— Your assignment —
Return the data that follows exactly as it appears. Pictures do not belong in the copy.

— Dataset extract —
--------------------------------
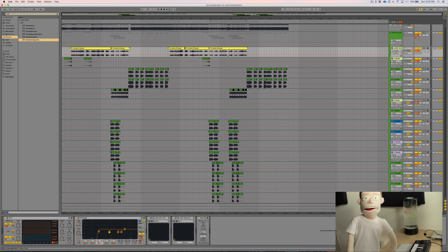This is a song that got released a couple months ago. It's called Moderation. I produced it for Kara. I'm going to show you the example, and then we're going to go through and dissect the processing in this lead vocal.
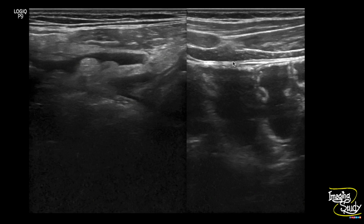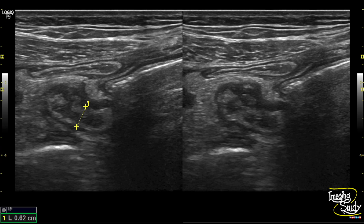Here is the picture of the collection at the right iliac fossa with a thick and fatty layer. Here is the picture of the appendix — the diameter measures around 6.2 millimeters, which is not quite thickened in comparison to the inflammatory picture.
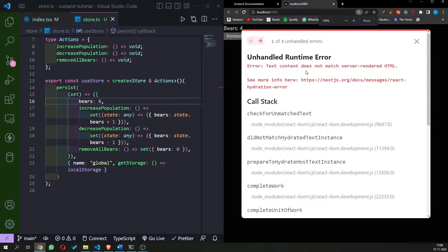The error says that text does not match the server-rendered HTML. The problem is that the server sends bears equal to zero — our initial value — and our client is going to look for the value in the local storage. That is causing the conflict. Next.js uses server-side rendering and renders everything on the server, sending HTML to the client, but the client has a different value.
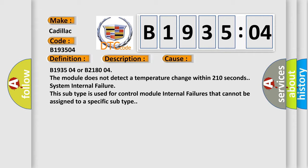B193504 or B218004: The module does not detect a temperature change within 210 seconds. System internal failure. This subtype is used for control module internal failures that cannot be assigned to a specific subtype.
--------------------------------
— Written answer —
This is a song that got released a couple months ago. It's called Moderation. I produced it for Kara. I'm going to show you the example, and then we're going to go through and dissect the processing in this lead vocal.
Here is the picture of the collection at the right iliac fossa with a thick and fatty layer. Here is the picture of the appendix — the diameter measures around 6.2 millimeters, which is not quite thickened in comparison to the inflammatory picture.
The error says that text does not match the server-rendered HTML. The problem is that the server sends bears equal to zero — our initial value — and our client is going to look for the value in the local storage. That is causing the conflict. Next.js uses server-side rendering and renders everything on the server, sending HTML to the client, but the client has a different value.
B193504 or B218004: The module does not detect a temperature change within 210 seconds. System internal failure. This subtype is used for control module internal failures that cannot be assigned to a specific subtype.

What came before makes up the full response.